> [YOUR ASSIGNMENT]: The output should be the line containing "کلبه ییلاقی دلوکس" and every later line of the records, exactly as written, and nothing else.

- Opening Delimiter -

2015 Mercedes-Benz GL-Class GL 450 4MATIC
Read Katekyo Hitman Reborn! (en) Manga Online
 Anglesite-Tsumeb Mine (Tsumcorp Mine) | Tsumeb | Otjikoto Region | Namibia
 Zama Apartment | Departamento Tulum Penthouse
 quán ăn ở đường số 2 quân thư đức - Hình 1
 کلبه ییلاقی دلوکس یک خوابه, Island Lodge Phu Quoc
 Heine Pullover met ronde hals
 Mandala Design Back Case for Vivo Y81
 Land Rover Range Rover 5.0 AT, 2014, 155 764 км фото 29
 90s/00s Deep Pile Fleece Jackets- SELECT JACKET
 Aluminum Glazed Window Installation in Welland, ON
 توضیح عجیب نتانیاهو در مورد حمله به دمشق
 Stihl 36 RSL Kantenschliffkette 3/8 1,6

- Closing Delimiter -

> [TASK ANSWER]:
 کلبه ییلاقی دلوکس یک خوابه, Island Lodge Phu Quoc
 Heine Pullover met ronde hals
 Mandala Design Back Case for Vivo Y81
 Land Rover Range Rover 5.0 AT, 2014, 155 764 км фото 29
 90s/00s Deep Pile Fleece Jackets- SELECT JACKET
 Aluminum Glazed Window Installation in Welland, ON
 توضیح عجیب نتانیاهو در مورد حمله به دمشق
 Stihl 36 RSL Kantenschliffkette 3/8 1,6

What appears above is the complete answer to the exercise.